Élise semble aux anges, Alastor l’observe avec un large sourire. Pour sa mère, Sarah est devenue comme sa fille. Élise lâche la jeune fille, il est temps de passer à table ! Une fois repus et la vaisselle faite, Élise se souvient alors :
— Sarah, ton amie Angélique a voulu te joindre dans la journée, je lui ai dit que tu la rappellerais.
— Vraiment ? Je vais le faire, répond la jeune fille.
Pour le coup, Alastor se raidit. Il regarde Sarah composer le numéro sur le téléphone, son estomac se tordant étrangement à l’idée que la jeune femme décroche. C’est le cas, et Sarah la salue avec joie… Sauf que bien vite, son sourire s’éteint pour laisser une expression de tristesse et de malaise passer. Sarah regarde alors Élise et Alastor, ce dernier parfaitement conscient de l’annonce faite par Angélique.
— Toutes mes condoléances, Angélique… Et comment est-ce arrivé ?
Alastor reste silencieux, tandis qu’Élise se rapproche de Sarah, d’un air inquiet. Elle finit par raccrocher et dit :
— Henry a été retrouvé sur son terrain de chasse, une balle dans la tête, c’est une exécution, explique Sarah.
— Rien d’étonnant à cela vu son comportement ! L’un de ses domestiques a certainement dû en avoir ras le bol d’être insulté, rétorque Alastor narquois.
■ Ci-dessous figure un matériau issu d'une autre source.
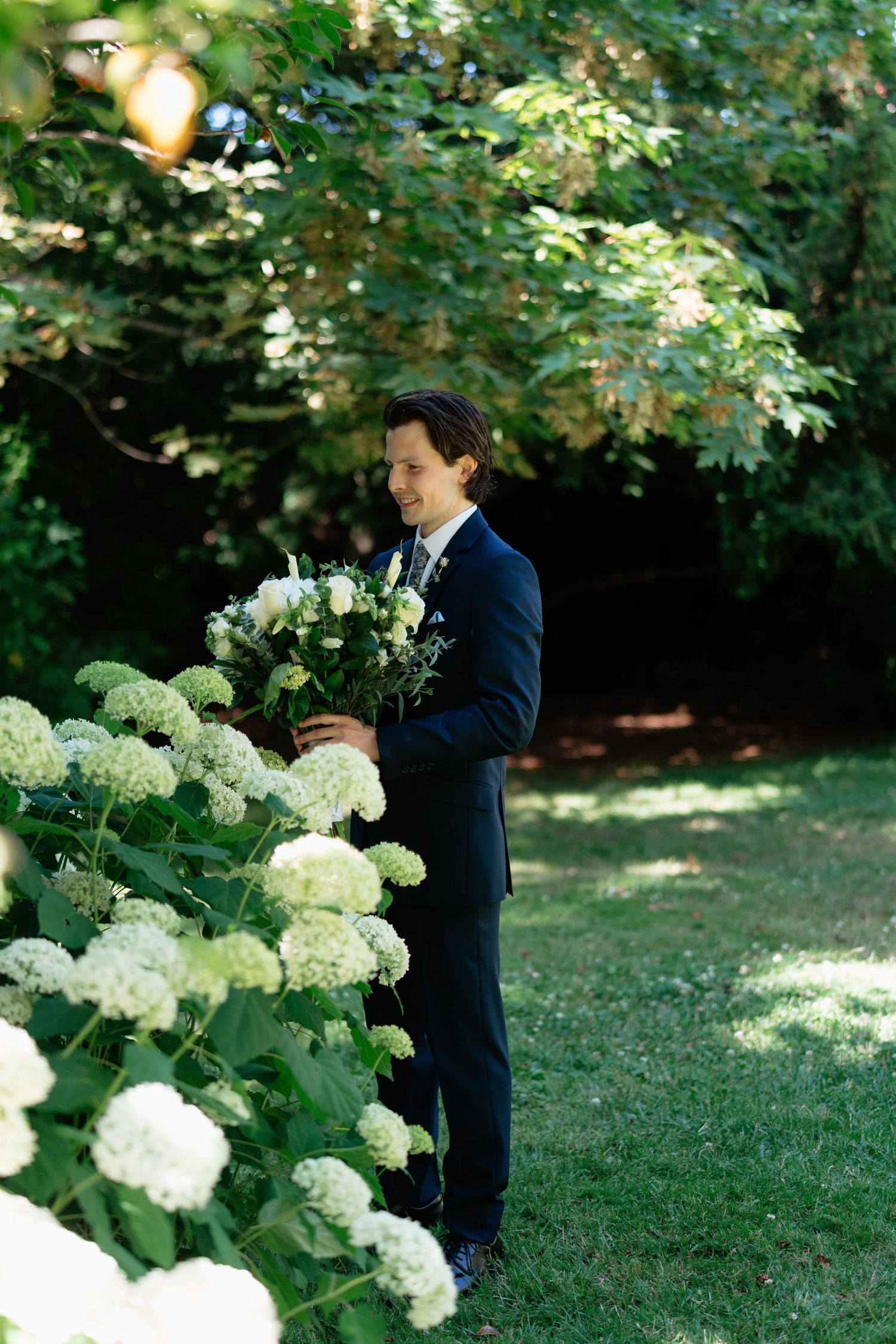 Smiling groom in navy suit holding white floral bouquet among blooming hydrangeas in garden.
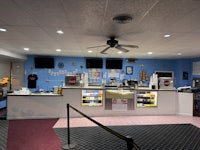 the inside of a movie theater with a counter and a ceiling fan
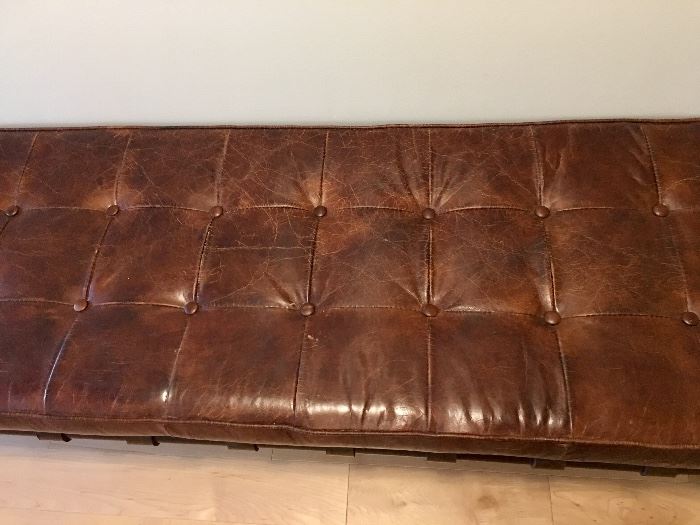 Detail of tufted leather bench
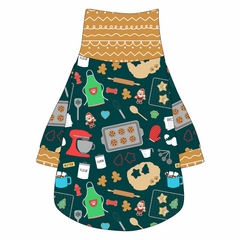 Tee shirt with turtleneck in a dog friendly pattern that shows cookies baking, a light green apron, recipe cards and more on a deep emerald background. It's complete with gingerbread trim on the neck, waist and sleeves.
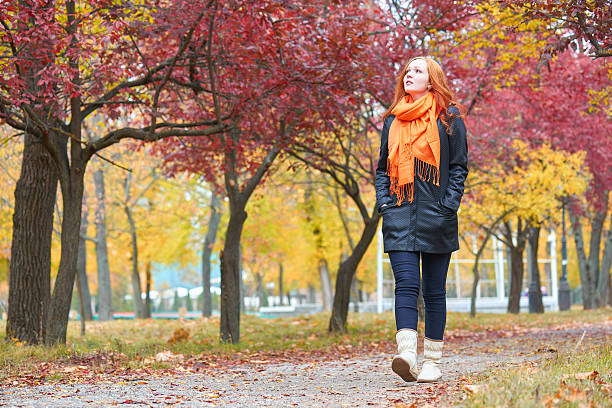 istock girl walk on pathway in city park with red trees 607481504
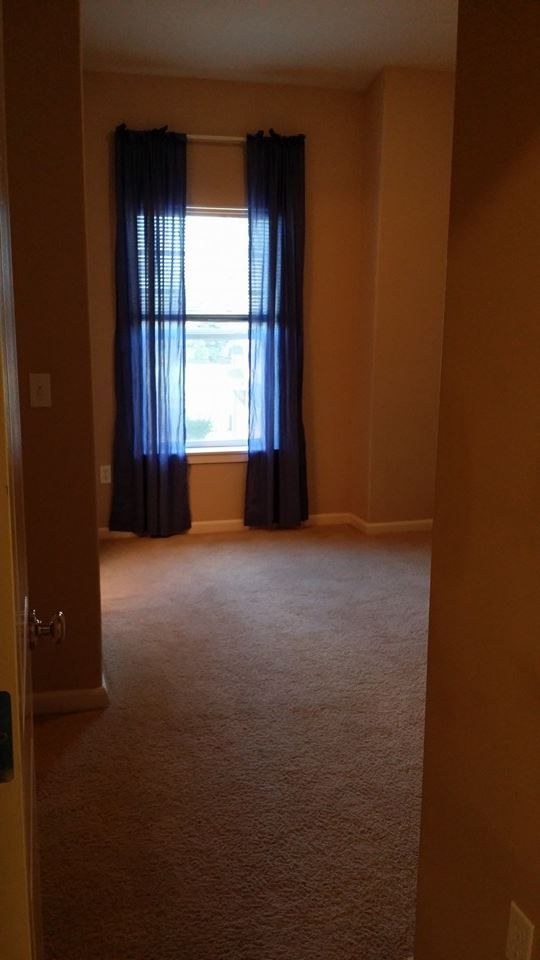 An empty bedroom with a window and blue curtains.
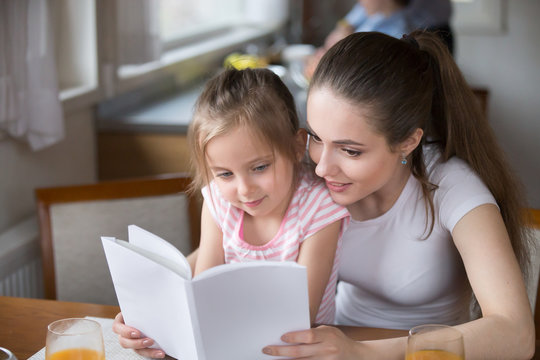 Attractive woman holds book sitting together with adorable little girl indoors. Young loving mother read fairy tale to pretty preschool daughter. Happy family spend free time together at home concept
Sarah le dévisage, son regard le juge, mais Alastor ne fait que sourire. Élise se tourne vers lui et lui attrape l’oreille.
— Garde tes blagues de mauvais goût pour toi, mon ami ! Cela reste un meurtre, c’est grave !
— Navré, mère, je n’arrive pas à ressentir de peine pour ce genre de personne. C’est difficile pour Angélique, je peux le comprendre, mais elle n’est pas perdante dans cette histoire ! Elle va devenir la propriétaire, par son mariage, du domaine de son défunt mari. Rappelez-vous de comment il vous a traitée ! Aurait-il été un bon époux pour cette femme ?
— Tout de même, cela doit être choquant, dit Sarah.
— Je suis navrée pour ton amie, Sarah, répète Élise.
Ils vont se coucher. Sarah, juste avant d’entrer dans sa chambre, attrape la chemise d’Alastor, ce qui le fait se tourner vers elle.
— Ce n’est tout de même pas toi ? demande Sarah.
— M’en voudrais-tu si c’était le cas ?
— Je ne sais pas, peut-être… Henry n’était pas plus différent du commun des personnes. Il n’était pas violent avec Angélique, il s’efforçait de lui faire plaisir, elle nous l’a dit. Henry avait simplement la même façon de penser que tous les autres.
— Tu as raison, mais ce qui est fait est fait, cela ne changera rien de ressasser cet incident, dit Alastor.
Sarah détourne les yeux. Est-ce lui ? Il n’affirme pas et ne nie pas non plus… Elle fait demi-tour et rentre dans sa chambre sous le regard perçant d’Alastor. Celui-ci soupire tout en se grattant la tête… Peut-être a-t-il fait une erreur en tuant Henry. Comme Sarah le dit, son esprit étriqué est commun à la majorité, leurs mœurs sont ainsi faites. Il a été insultant, mais en soi, comparé aux personnes qu’il a déjà tuées, Henry n’aurait pas été l’une de ses victimes si sa mère n’avait pas été visée par ses propos. Mais comme il vient de le dire à Sarah, il est trop tard pour y réfléchir, le retour en arrière n’est pas possible.